A. Tinjauan Penelitian Terdahulu

Astuti (2016) dengan judul penelitian Pengaruh Karakteristik Perusahaan

Dan Good Corporate Governace Terhadap Luas Pengungkapan sustainability

report dalam menganalisis menggunakan regresi berganda menunjukkan ukuran

perusahaan, dan dewan komisaris berpengaruh positif terhadap pengungkapan

sustainability report, sedangkan profitabilitas, tingkat kepemilikan saham publik

tidak berpengaruh terhadap pengungkapan sustainability report.

Rosyid (2016) dengan judul penelitian Pengaruh Kinerja Keuangan Dan

Good Corporate Governance Terhadap Sustainability Report Pada Perusahaan

BUMN Yang Listed Di BEI dalam menganalisis menggunakan regresi linier

menunjukkan bahwa ROA, dewan direksi dan komite audit berpengaruh terhadap

sustainability report, sedangkan kepemilikan saham manajerial dan komisaris

independen tidak berpengaruh terhadap sustainability report.

Aniktia dan Khafid (2015) dengan judul penelitian pengaruh mekanisme

Good Corporate Governance dan kinerja keuangan terhadap Sustainability Report

dalam menganalisis menggunakan regresi logistik menunjukkan komite audit,

governance commitee, leverage berpengaruh terhadap sustainability report,

sedangkan komisaris independen, kepemilikan manajerial, dan profitabilitas tidak

berpengaruh terhadap sustainability report.

Zakiyah (2016) dengan judul penelitian Pengaruh Good Corporate

Governance, size, dan kinerja keuangan terhadap pengungkapan sustainability

7

report dalam menganalisis menggunakan statistik deskriptif dan analisis regresi

berganda menunjukkan komite audit, rapat dewan komisaris, ukuran perusahaan,

leverage, dan likuiditas tidak berpengaruh terhadap pengungkapann sustainability

report.

Berdasarkan review dari penelitian terdahulu maka peneliti tertarik meneliti

Pengaruh Struktur Corporate Governance Terhadap Kualitas Pengungkapan

Sustainability Report Perusahaan yang Terdaftar di Bursa Efek Indonesia pada

tahun 2015.

B. Teori dan Kajian Pustaka

1. Teori Agensi

Teori agensi dalam perusahaan mengidentifikasi adanya pihak-pihak

dalam perusahaan yang memiliki berbagai kepentingan untuk mencapai tujuan

dalam kegiatan perusahaan.
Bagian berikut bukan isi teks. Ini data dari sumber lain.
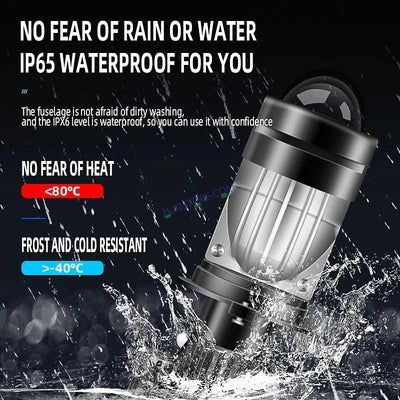HJG H4 Dual Y6 Condenser RTD Lens Dual Projector Lens Projector Lens LED Headlight Bulb for car | Hi/Lo Beam Headlight 12V-80V | 100W | 5000LM | 3 Pin Projector h4 Headlight with Fan | (Pack of 2) - Biker.Store - www.biker.store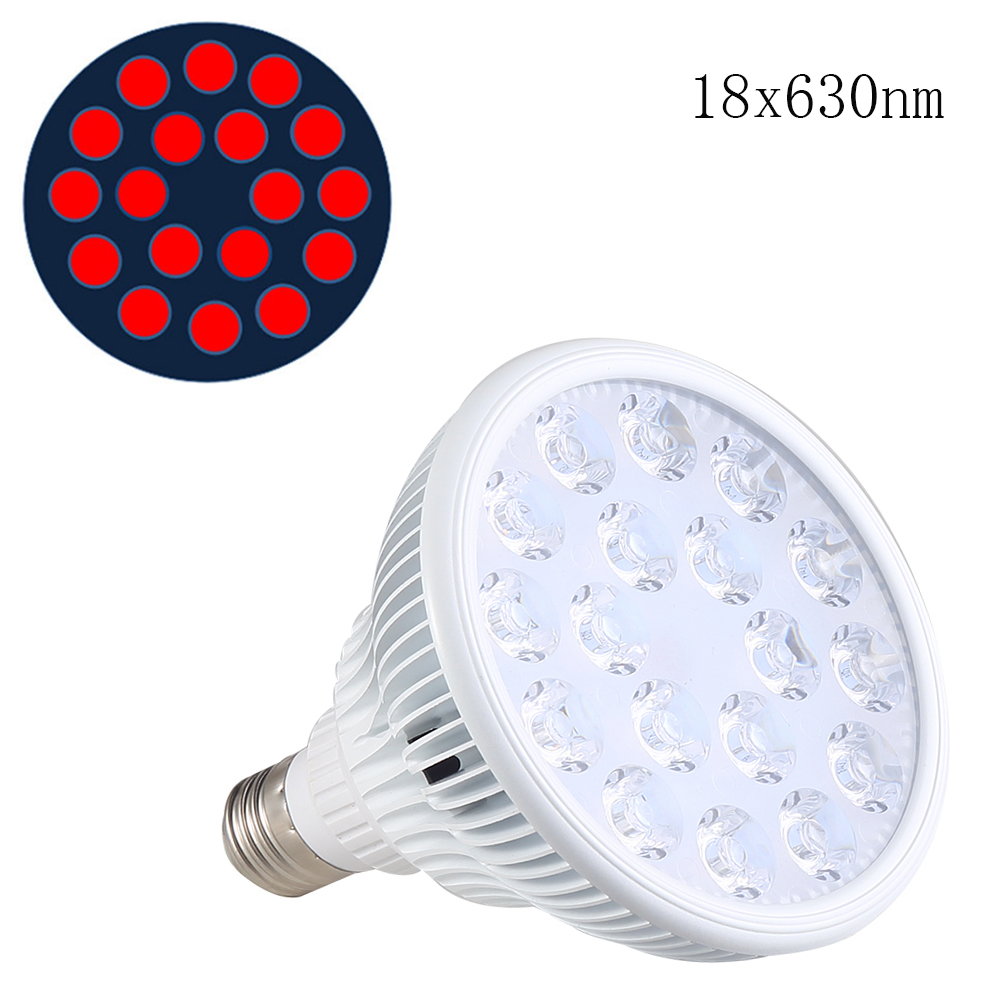 Bombilla de terapia de luz LED roja E27, 630nm, 660nm, 54W, lámpara de terapia de infrarrojo cercano, Bombilla de cultivo de luz roja: W18RL-AA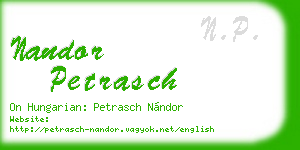 nandor petrasch business card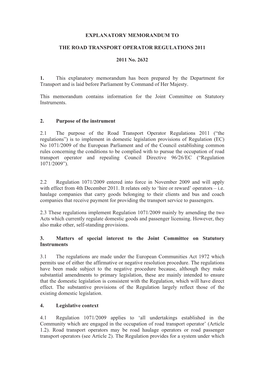 Explanatory Memorandum to the Road Transport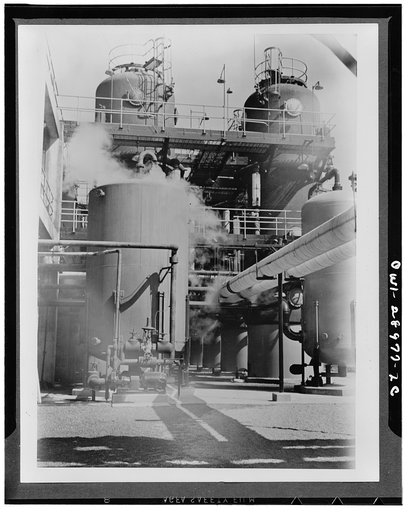 Conversion. Converters at one of the four butadiene units at the Institute plant at Institute, West Virginia, where the processing of grain alcohol to butadiene is stored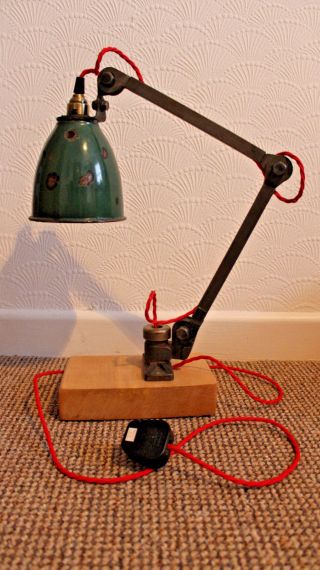 Vintage 1930s Edl Industrial Machinist Lamp Two Arm Anglepoise Light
Teori ini muncul karena adanya hubungan antara

prinsipal dan agen. Teori agensi mengasumsikan bahwa semua individu bertindak

atas kepentingan mereka sendiri. Pemegang saham sebagai prinsipal diasumsikan

hanya tertarik kepada hasil keuangan yang bertambah atau investasi mereka di

dalam perusahaan. Sedangkan para agen diasumsikan menerima kepuasan berupa

kompensasi keuangan dan syarat-syarat yang menyertai dalam hubungan tersebut.

Teori ini berusaha untuk menggambarkan faktor-faktor utama yang sebaiknya

dipertimbangkan dalam merancang kontrak insentif (Jensen dan Meckling, 1976).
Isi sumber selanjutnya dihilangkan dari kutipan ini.